Pero después de unos pocos minutos, eso cambió. De repente, la habitación no estaba vacía: estaba llena de gente que no veía hacía años, así como algunas personas que había visto el día anterior. Objetos olvidados, como el resbaladizo colchón de espuma que servía de cama para los amigos que se quedaban a dormir cuando era chica, volvieron a mi mente. El gato de la familia —muerto desde hace mucho tiempo— era un pequeño gatito de nuevo, escondido debajo del radiador. Espera: ahora es un gato adulto y se estira para abrir la puerta del dormitorio  de mis padres. En el comedor, estamos cenando y Drago, el padrastro búlgaro de mi padre, molesta a mi madre haciendo rodar el anillo de su servilleta sobre la mesa como una especie de juego. Es invierno y estamos todos en la cocina cortando frutas y nueces, preparando el festín navideño; es verano —sudoroso verano— y en medio de la cena otro amigo se acuesta sobre el fresco piso de baldosas del living, tratando de encontrar alivio al calor. Tengo 11, me pruebo mi nuevo uniforme escolar y doy vueltas frente al espejo. Mi madre sube las escaleras para darme las buenas noches, con los brazos extendidos para darme un abrazo. He llegado más tarde de lo que mamá me había permitido, la casa está a oscuras, camino de puntitas por las escaleras, esperando no despertar a nadie. En la cocina, mi hermano acaba de cortarse el dedo con un cuchillo y el queso está cubierto de sangre. Ahora mi padre está bailando abrazado de mi amigo Gideon (estoy segura de que es la única vez que vi a papá bailar con un hombre). Ahora mi padre es viejo, y yo estoy sentada cerca de él en su cama, despidiéndome sin saber que sería la última vez.
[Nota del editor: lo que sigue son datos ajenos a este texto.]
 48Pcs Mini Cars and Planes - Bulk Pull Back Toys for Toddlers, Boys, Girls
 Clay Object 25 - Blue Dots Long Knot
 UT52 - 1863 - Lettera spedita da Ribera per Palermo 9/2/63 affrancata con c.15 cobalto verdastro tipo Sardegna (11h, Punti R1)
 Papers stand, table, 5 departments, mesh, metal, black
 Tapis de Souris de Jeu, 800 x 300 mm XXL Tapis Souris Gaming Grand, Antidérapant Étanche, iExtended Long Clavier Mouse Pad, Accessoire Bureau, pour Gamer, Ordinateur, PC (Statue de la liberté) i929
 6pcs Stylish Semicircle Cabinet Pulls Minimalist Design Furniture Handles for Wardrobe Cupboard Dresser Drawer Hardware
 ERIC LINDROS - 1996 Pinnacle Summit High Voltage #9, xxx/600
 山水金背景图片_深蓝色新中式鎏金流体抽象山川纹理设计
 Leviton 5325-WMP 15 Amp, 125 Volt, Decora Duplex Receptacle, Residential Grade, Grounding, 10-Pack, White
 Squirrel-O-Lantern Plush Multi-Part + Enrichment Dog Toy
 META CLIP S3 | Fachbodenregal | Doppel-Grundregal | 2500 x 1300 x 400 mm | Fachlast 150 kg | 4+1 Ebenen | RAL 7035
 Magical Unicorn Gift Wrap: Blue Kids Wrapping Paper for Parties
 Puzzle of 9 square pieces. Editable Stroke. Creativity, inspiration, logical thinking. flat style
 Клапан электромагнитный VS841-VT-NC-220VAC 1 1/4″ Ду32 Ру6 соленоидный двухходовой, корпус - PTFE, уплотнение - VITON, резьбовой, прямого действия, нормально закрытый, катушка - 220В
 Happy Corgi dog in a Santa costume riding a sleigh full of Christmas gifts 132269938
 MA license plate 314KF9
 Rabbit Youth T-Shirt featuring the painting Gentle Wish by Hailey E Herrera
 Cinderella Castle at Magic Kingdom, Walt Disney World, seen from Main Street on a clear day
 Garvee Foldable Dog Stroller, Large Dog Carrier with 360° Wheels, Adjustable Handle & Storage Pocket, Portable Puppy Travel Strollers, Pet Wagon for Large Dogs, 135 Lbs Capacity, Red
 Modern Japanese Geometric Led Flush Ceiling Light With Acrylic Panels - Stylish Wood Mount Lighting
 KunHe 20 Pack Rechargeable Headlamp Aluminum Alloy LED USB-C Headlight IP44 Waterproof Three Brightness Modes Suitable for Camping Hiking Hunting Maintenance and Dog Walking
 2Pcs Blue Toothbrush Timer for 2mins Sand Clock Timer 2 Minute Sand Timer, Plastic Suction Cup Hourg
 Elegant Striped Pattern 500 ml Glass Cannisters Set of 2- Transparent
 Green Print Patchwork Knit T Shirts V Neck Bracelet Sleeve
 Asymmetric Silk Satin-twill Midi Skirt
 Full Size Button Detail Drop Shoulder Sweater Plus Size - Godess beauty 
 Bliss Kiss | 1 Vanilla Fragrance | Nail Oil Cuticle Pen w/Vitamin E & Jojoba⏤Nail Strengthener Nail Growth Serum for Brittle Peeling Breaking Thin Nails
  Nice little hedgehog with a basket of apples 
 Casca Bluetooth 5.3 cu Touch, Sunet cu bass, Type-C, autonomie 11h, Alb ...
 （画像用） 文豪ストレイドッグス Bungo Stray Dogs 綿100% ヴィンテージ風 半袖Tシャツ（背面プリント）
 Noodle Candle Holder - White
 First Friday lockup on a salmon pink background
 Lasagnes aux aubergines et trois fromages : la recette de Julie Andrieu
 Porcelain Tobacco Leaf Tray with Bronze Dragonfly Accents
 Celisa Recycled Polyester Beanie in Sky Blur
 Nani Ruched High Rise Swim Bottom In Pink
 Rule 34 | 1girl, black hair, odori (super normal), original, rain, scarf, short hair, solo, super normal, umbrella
Durante un momento me descubrí sollozando y en otro me sorprendí cantando, pero sobre todo, la experiencia fue extrañamente tranquila. Y cuando salí (sorprendida de descubrir que habían pasado tres horas), gente, voces, objetos, olores, sabores, sensaciones y sonidos de tres décadas se habían reunido todos en un gran collage. Y mi gran temor de olvidarlos había desaparecido de alguna manera.

Ya han pasado varios meses desde que salí de la casa por última vez. No sé si esta piedra que tengo, este pedazo del lugar, realmente puede contener tanto o si en los próximos años será capaz de desencadenar recuerdos de la manera en que lo haría un paseo lento, somnoliento, a pie y sin interrupciones por la casa. Pero en este momento, mientras la recojo y la miro fijamente, me parece que estoy de vuelta en casa.